Exoten als Alternative für aufgegebene Weinberge

Zeltingen-Rachtig. Rund fünfzig verschiedene Obstbaum- und Beerenstraucharten sind in einem experimentellen Sortengarten in einer ehemaligen Weinbergssteillage oberhalb der Zeltinger Pfarrkirche St. Stephanus angepflanzt worden. Es handelt sich hierbei um eine landespflegerische Maßnahme innerhalb der Flurbereinigung Zeltingen-Sonnenuhr.

Mispel, Kornellkirsche und Speierling finden wir noch in Omas Kochbüchern. Oliven, Feigen und Granatapfel kennen wir vom Mittelmeerurlaub, Kiwi, Nashi-Birne und Kaki aus dem Supermarkt. Und von der Gojibeere haben wir höchstens mal gelesen. Im neuen Sortengarten oberhalb der Zeltinger Kirche sind auf 4.000 m² ehemaliger Rebfläche diese und weitere 36 Obstarten aus allen Regionen der Welt gepflanzt worden.

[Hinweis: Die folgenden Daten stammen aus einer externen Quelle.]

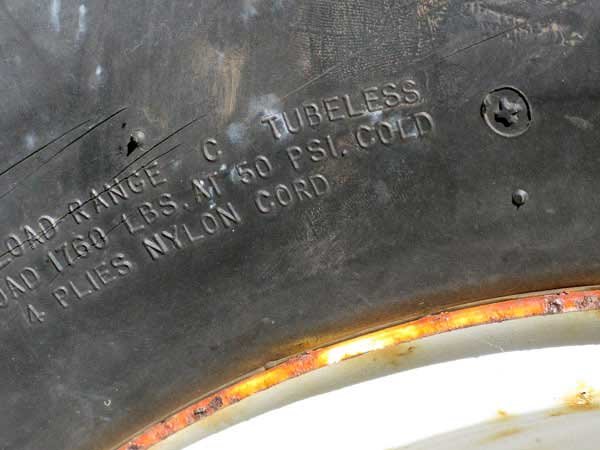 Photo of load range markings on sidewall of a tire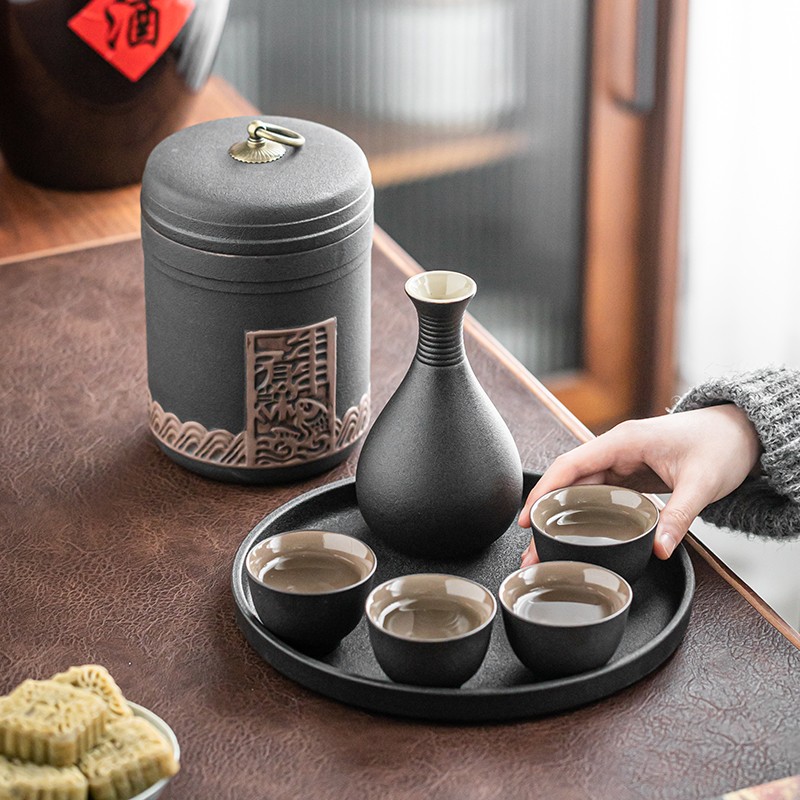 陶瓷家用温酒器套装粗陶温酒壶老式热酒器中式白黄酒烫酒壶暖酒器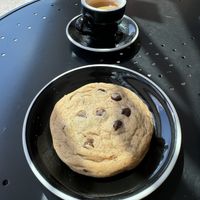 Vegan chocolate chip cookie and espressoo  at Vintage Caffeine Co in Calgary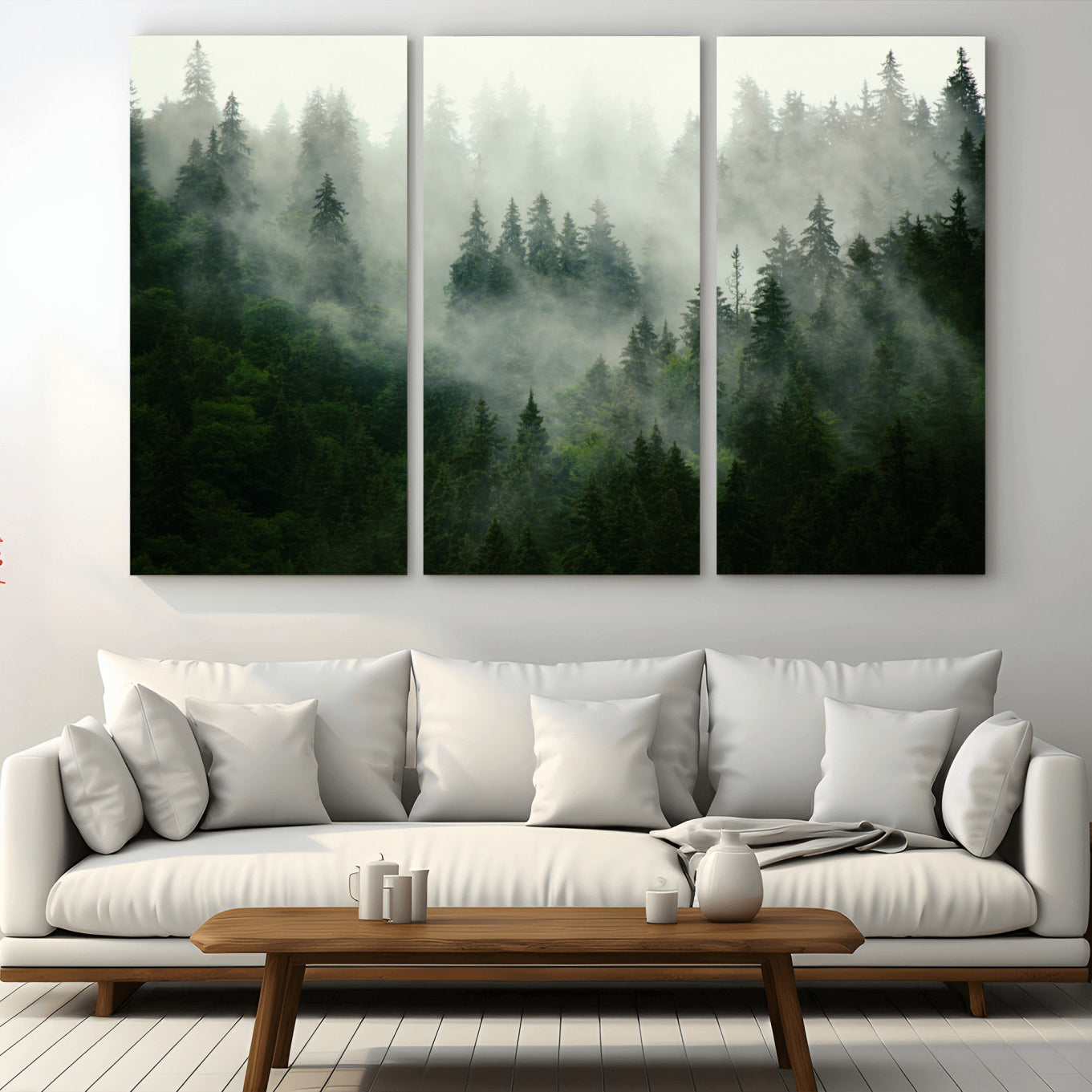 167720496-MGV-CV-36X24-Misty Forest Wall Art – Tranquil Green Woodland Canvas Print, Nature Landscape Decor for Living Room, Bedroom or Office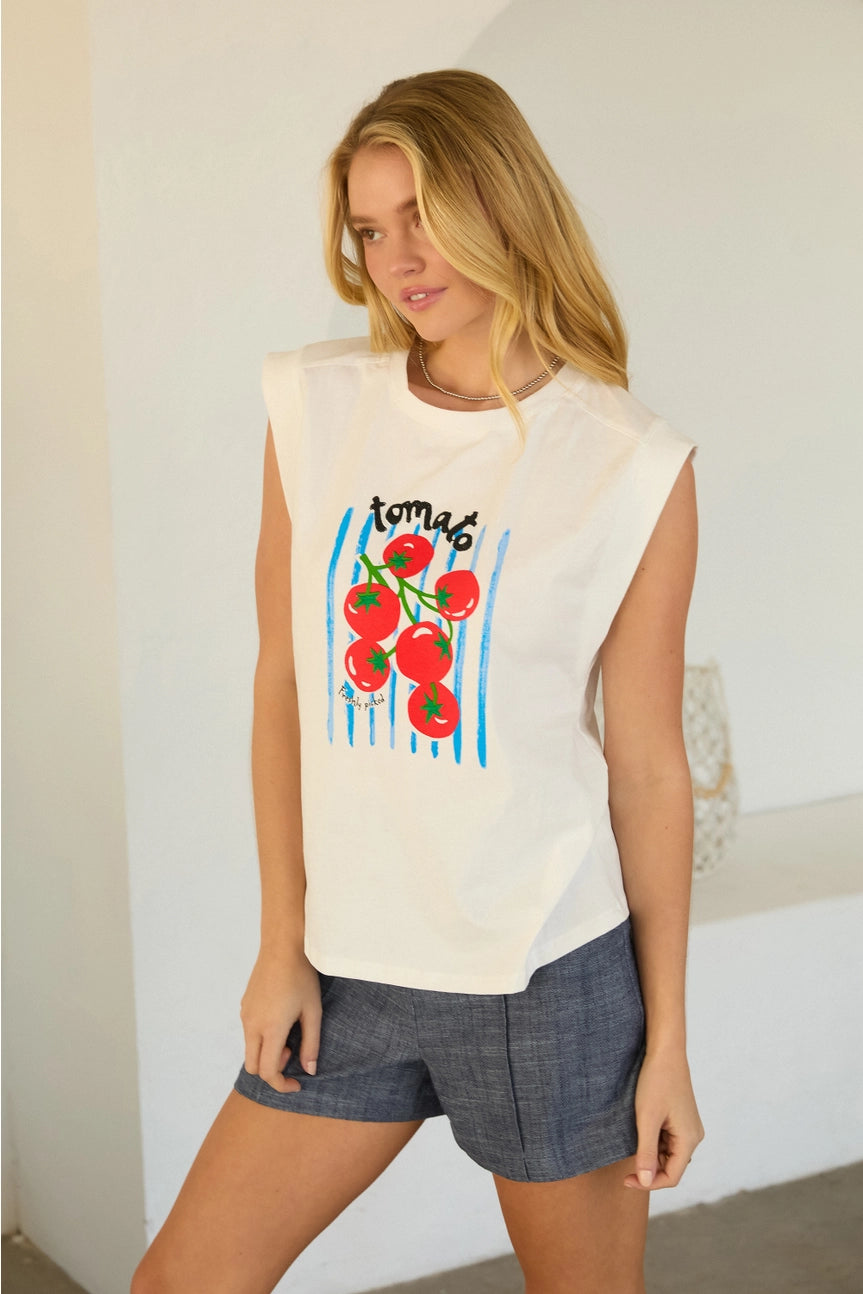 Tomato Graphic Embroidered Tee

Manche Arten sind heimisch, andere vor langer Zeit oder erst vor kurzem eingeführt und weitere für die Mosel neu entdeckt worden.

Diese Vielfalt an Nutzgehölzen hat eines gemeinsam: Sie alle benötigen warmes Klima zum Wachsen und Reifen, wie es das hiesige Weinbauklima bietet. Dazu haben sie eine gewisse Frosthärte, um auch die Winterzeit überstehen zu können. Doch hier lag ein Knackpunkt in den ersten drei Jahren seit Beginn der Pflanzungen. Bei Temperaturen bis minus siebzehn Grad Celsius, früh einsetzenden Frostperioden und langen Wintern waren die jungen Pflanzen auf eine harte Bewährungsprobe gestellt, bevor sie sich an die Kälte gewöhnen konnten. Dass wenige Arten sich als nicht praktikabel erwiesen und durch neue ersetzt werden mussten, unterstreicht den experimentellen Charakter des Projektes.

Die tiefer gehende Absicht, die sich hinter dem Sortengarten verbirgt, erläutert Hubert Friedrich, Leiter des Dienstleistungszentrums Ländlicher Raum (DLR) Mosel: „Die schwierigen Bewirtschaftungsbedingungen im Steillagenweinbau führten in den letzten zwei Jahrzehnten zu einem Rückgang der Rebflächen an der Mosel um 30 %. Die dadurch entstehenden Weinbergsbrachen erschweren die Nutzung der verbleibenden Rebflächen und stören das Bild unserer Weinkultlandschaft an der Mosel. Wenn wir die nachhaltige Offenhaltung dieser Brachen wollen, benötigen wir Nutzungsalternativen. Der Sortengarten kann dazu Impulse liefern.“

Zudem soll er mittelfristig zu einem Anziehungspunkt für alle werden. Er steht Bürgern und Gästen offen, die sich die Pflanzen aus der Nähe anschauen wollen. Zwei Schautafeln und ein Flyer geben wichtige Informationen zu den Projektzielen und den einzelnen Pflanzen des Sortengartens. Unter einem grünen Dach von Kiwipflanzen lässt es sich bald mit herrlichem Blick über das Moseltal ausruhen. Letztendlich gewinnt auch die streng geschützte Mauereidechse durch die neu angelegten Trockenmauern zusätzlichen Lebensraum.